• Activity
Print exactly the lines that run from the one containing "حزام ديب بسلسلة حديد - LIVE UP ✓" to the final line of the data, both included, and print none of the pictures.

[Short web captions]
==*==

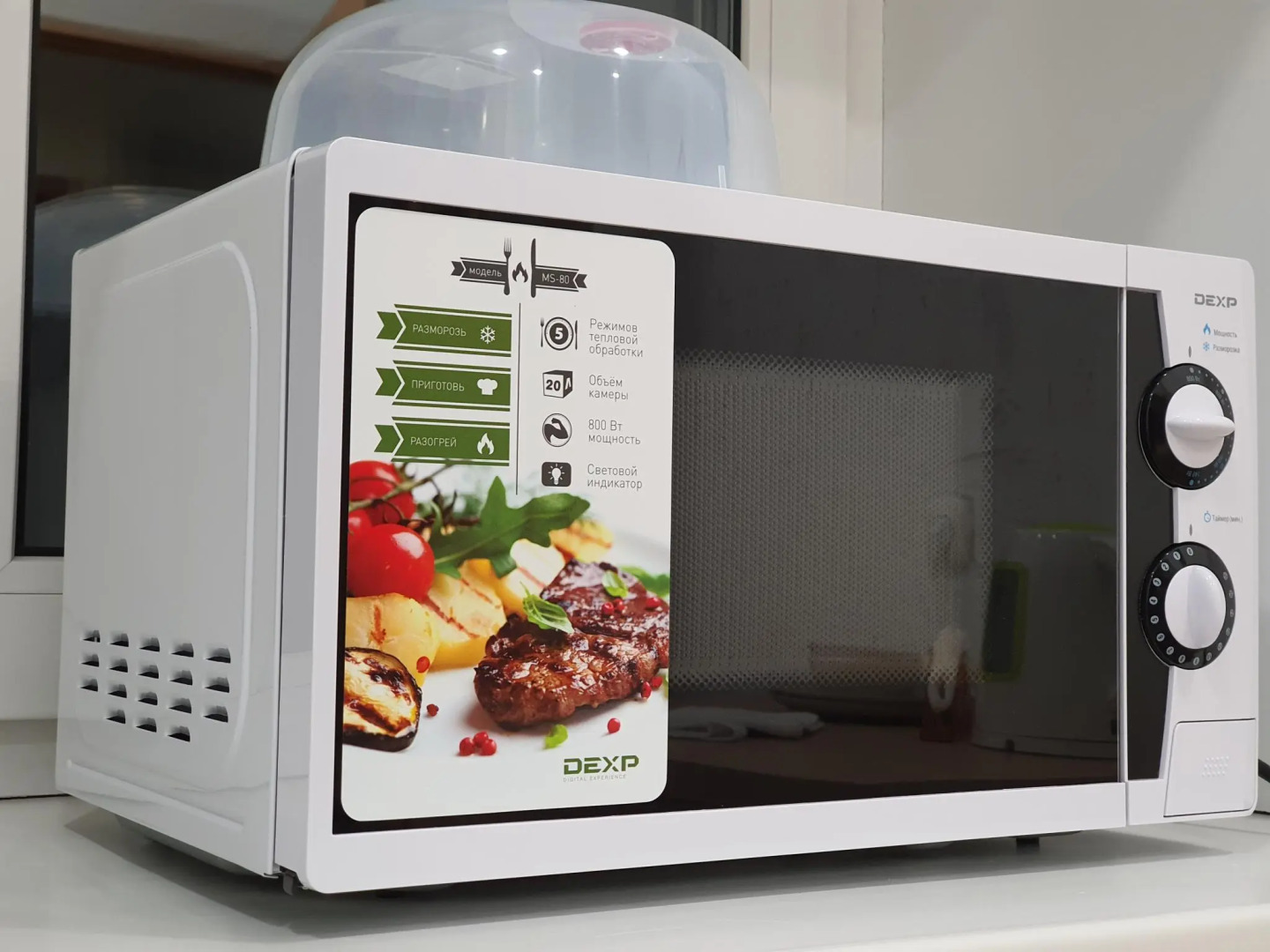 Квартира-22 на проспекте Ленина 27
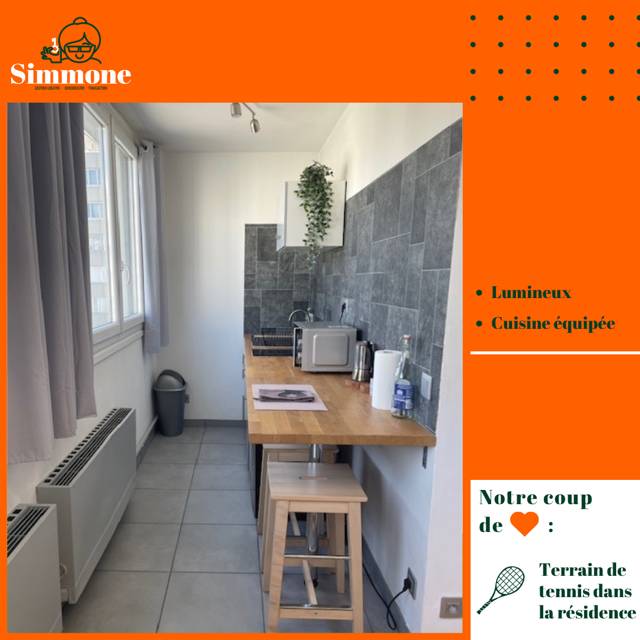 Une photo de l’annonce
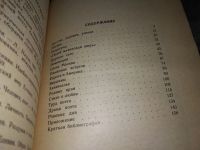 Лот: 18329723. Фото: 5. Эвентов И. С. Сергей Есенин. Кн...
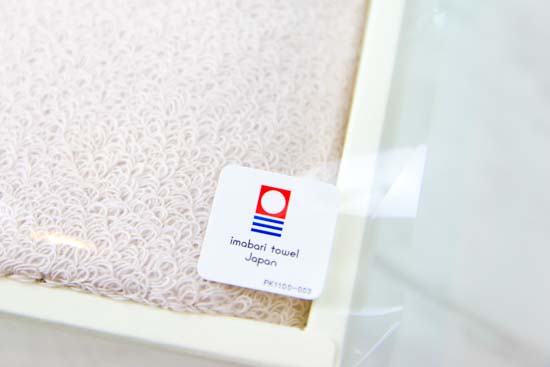 ハンドタオルライトグレー&フェイスタオルアルミグレー-モダンリゾート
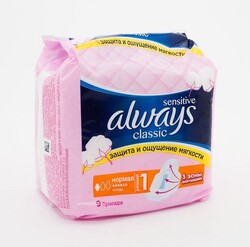 Прокладки Женские гигиенические ALWAYS Classic Sensitive Normal Single, 9шт.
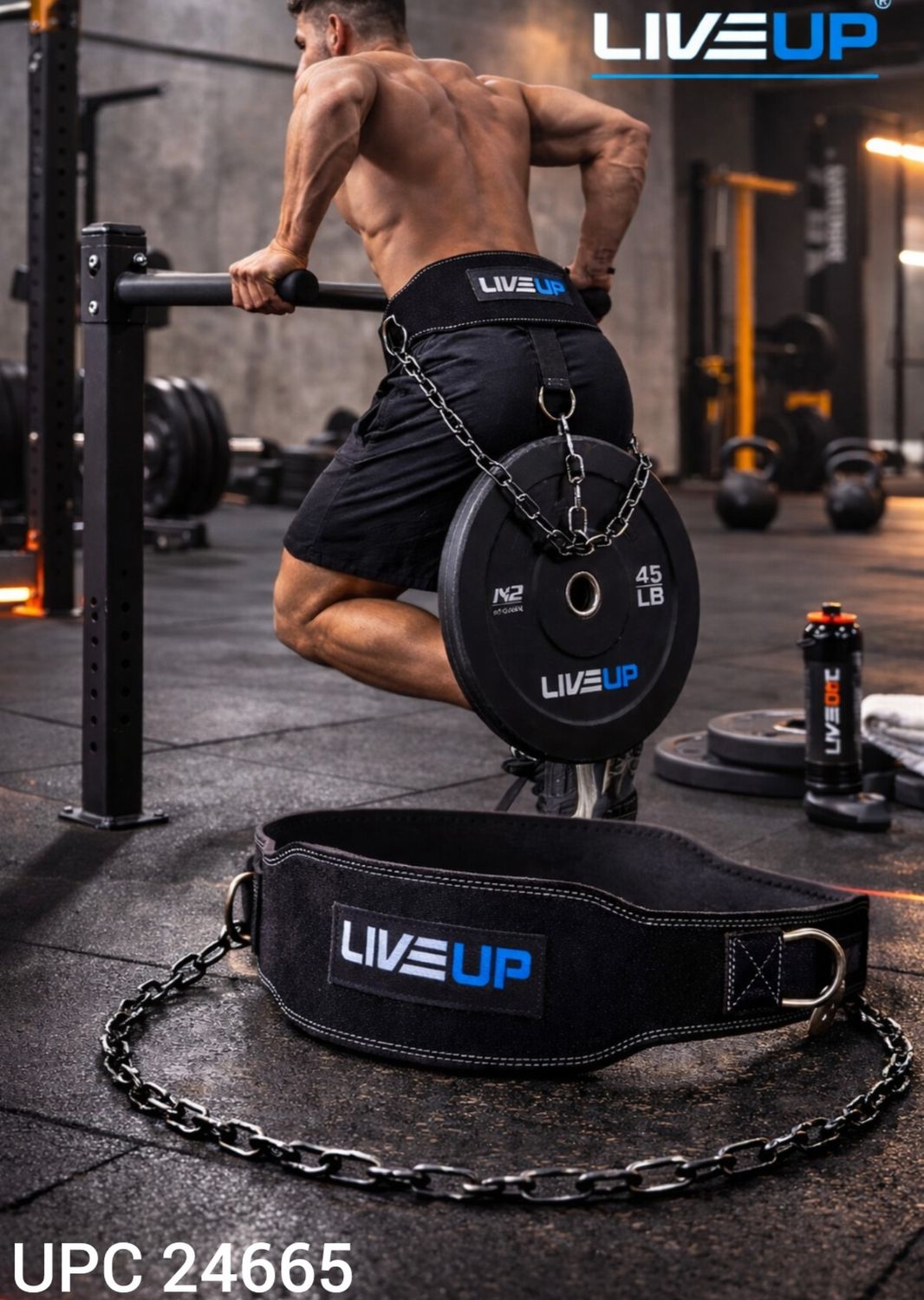 حزام ديب بسلسلة حديد - LIVE UP ✓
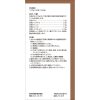 ツムラ漢方 桂枝湯エキス顆粒　２０包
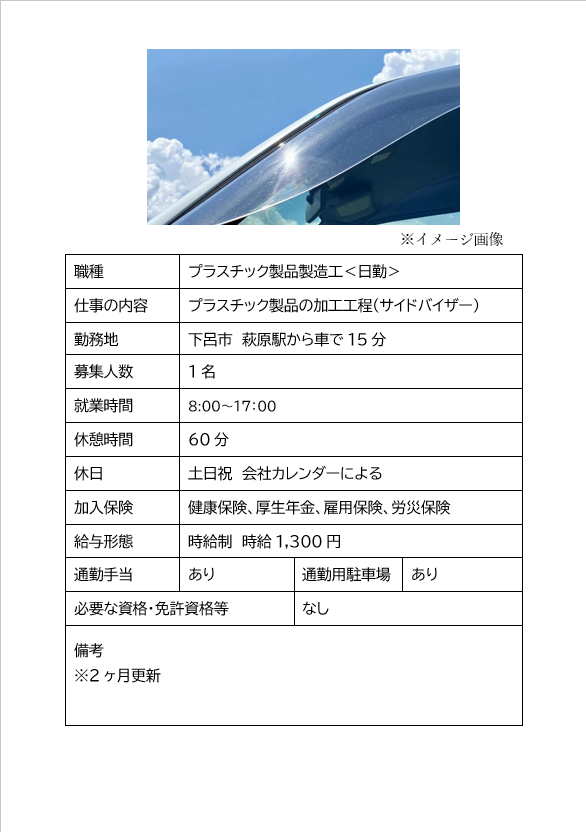 プラスチック製品製造工＜日勤＞（下呂市）プラスチック製品の加工工程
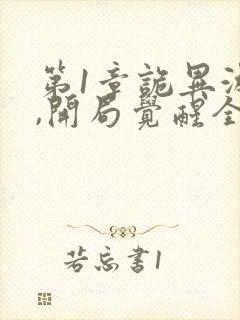 第1章诡异游戏,开局觉醒全职bug级天赋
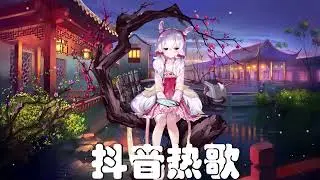 抖音热歌2023 ❤️ 2023更新歌不重复 🎧 2023热门歌曲最火最热门洗脑抖音歌曲 ❤️💔🎧 50首適合年青人的好歌必聽【100%無廣告】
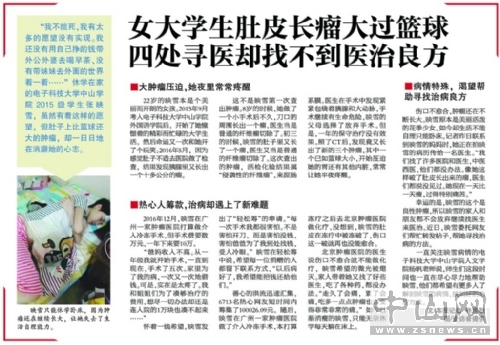 数千网友提供帮助信息女孩家属昨赴北京求医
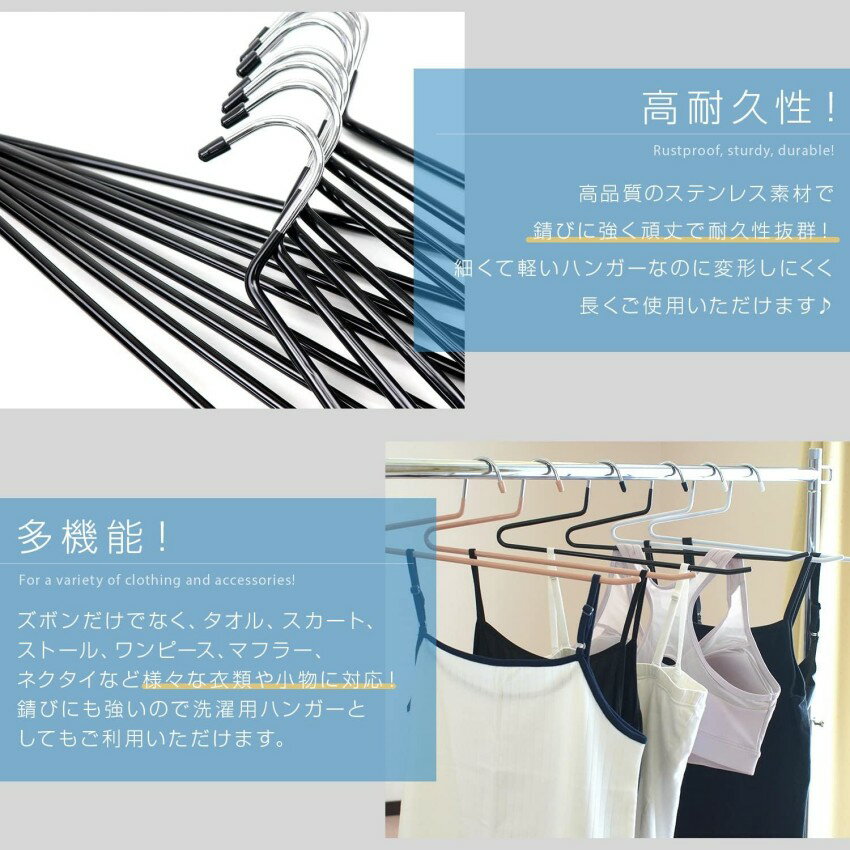 ズボン用ハンガー 20本組 ズボンハンガー スラックス用 スカート用 デニム適用 ロングスカート ボトムハンガー マフラー ネクタイパンツ 滑らない ハンガー ボトム用ハンガー ズボン掛け デニム適用 跡がつかない スリム 頑丈 省スペース 洗濯物 物干し 35cm 全6色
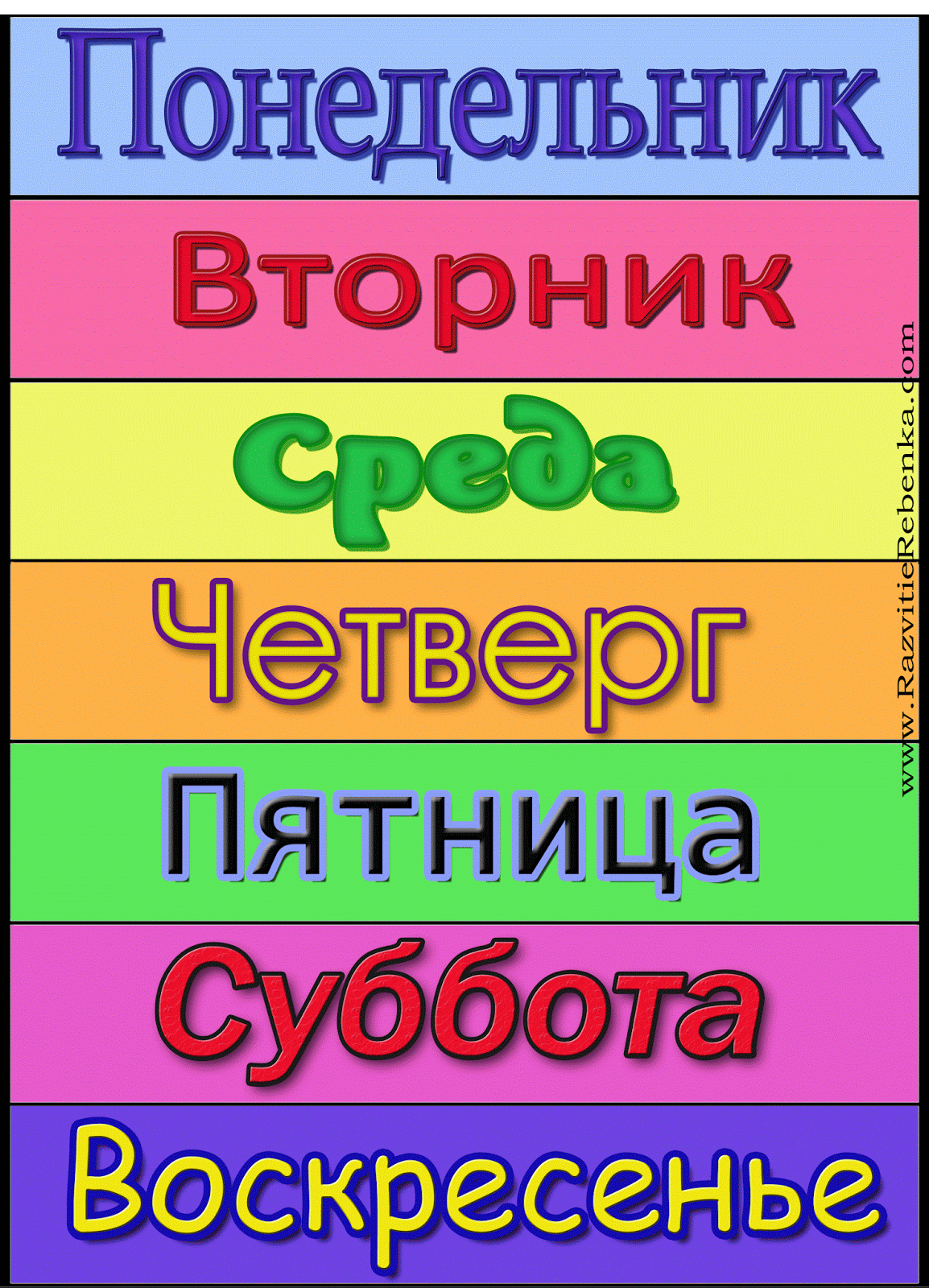 Прикольные картинки с днями неделями Пин на доске Дни недели Правила класса, Игровое обучение, Дошкольные уроки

==*==

• The completed task
 حزام ديب بسلسلة حديد - LIVE UP ✓
 ツムラ漢方 桂枝湯エキス顆粒　２０包
 プラスチック製品製造工＜日勤＞（下呂市）プラスチック製品の加工工程
 第1章诡异游戏,开局觉醒全职bug级天赋
 抖音热歌2023 ❤️ 2023更新歌不重复 🎧 2023热门歌曲最火最热门洗脑抖音歌曲 ❤️💔🎧 50首適合年青人的好歌必聽【100%無廣告】
 数千网友提供帮助信息女孩家属昨赴北京求医
 ズボン用ハンガー 20本組 ズボンハンガー スラックス用 スカート用 デニム適用 ロングスカート ボトムハンガー マフラー ネクタイパンツ 滑らない ハンガー ボトム用ハンガー ズボン掛け デニム適用 跡がつかない スリム 頑丈 省スペース 洗濯物 物干し 35cm 全6色
 Прикольные картинки с днями неделями Пин на доске Дни недели Правила класса, Игровое обучение, Дошкольные уроки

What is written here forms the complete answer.